» Work item: The answer should be an exact repeat of the stretch of material below from the line containing "رقم بغداد مشروع وطني" through the line containing "السياره الدعامية الاماميه".

» Material provided:
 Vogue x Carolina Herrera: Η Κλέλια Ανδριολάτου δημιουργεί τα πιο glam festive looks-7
...
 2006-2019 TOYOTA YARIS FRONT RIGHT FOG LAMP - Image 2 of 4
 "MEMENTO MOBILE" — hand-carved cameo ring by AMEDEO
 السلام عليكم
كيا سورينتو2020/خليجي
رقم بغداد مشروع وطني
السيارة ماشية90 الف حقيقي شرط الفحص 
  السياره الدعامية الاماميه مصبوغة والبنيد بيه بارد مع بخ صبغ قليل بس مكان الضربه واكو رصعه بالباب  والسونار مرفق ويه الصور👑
---
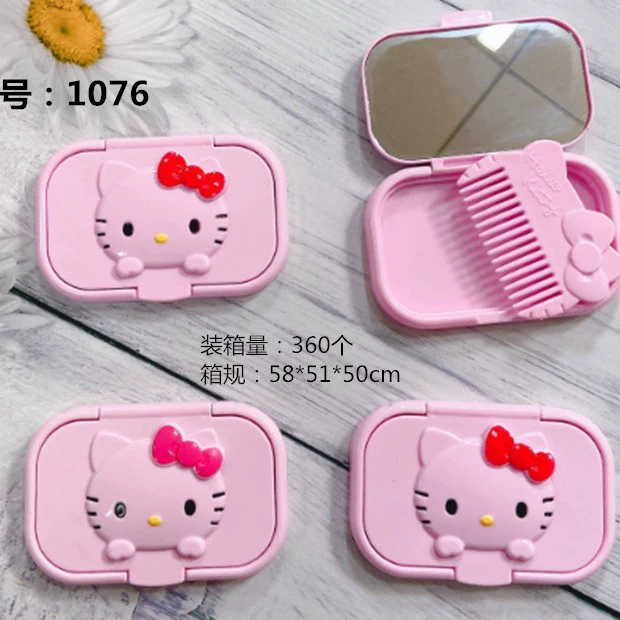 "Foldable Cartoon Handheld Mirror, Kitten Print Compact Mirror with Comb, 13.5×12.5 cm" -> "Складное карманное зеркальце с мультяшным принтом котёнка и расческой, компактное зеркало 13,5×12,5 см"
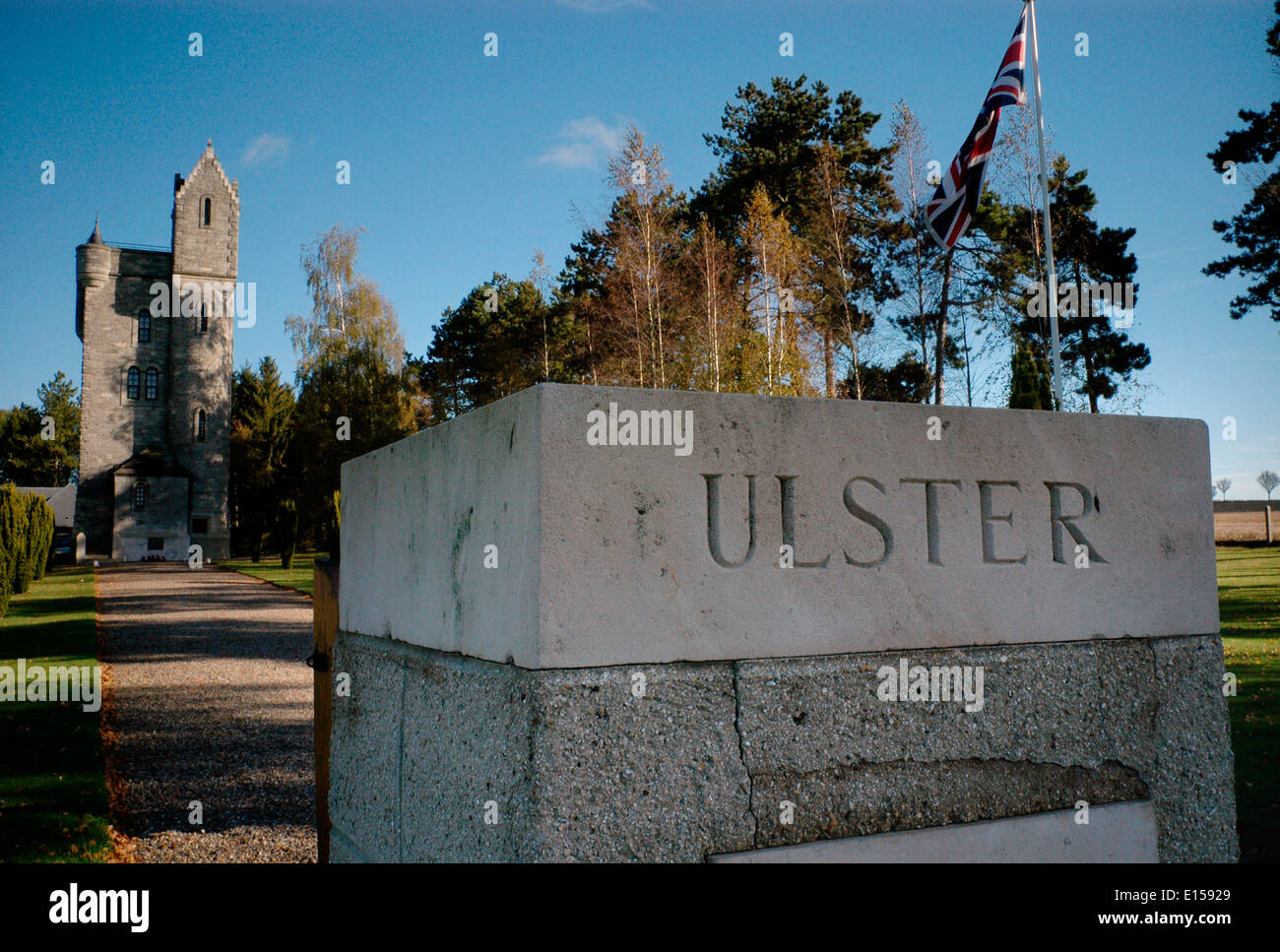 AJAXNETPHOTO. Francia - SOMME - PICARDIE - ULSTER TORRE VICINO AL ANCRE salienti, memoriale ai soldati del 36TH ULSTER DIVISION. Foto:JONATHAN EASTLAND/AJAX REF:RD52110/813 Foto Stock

» Solution to this task:
رقم بغداد مشروع وطني
السيارة ماشية90 الف حقيقي شرط الفحص 
  السياره الدعامية الاماميه مصبوغة والبنيد بيه بارد مع بخ صبغ قليل بس مكان الضربه واكو رصعه بالباب  والسونار مرفق ويه الصور👑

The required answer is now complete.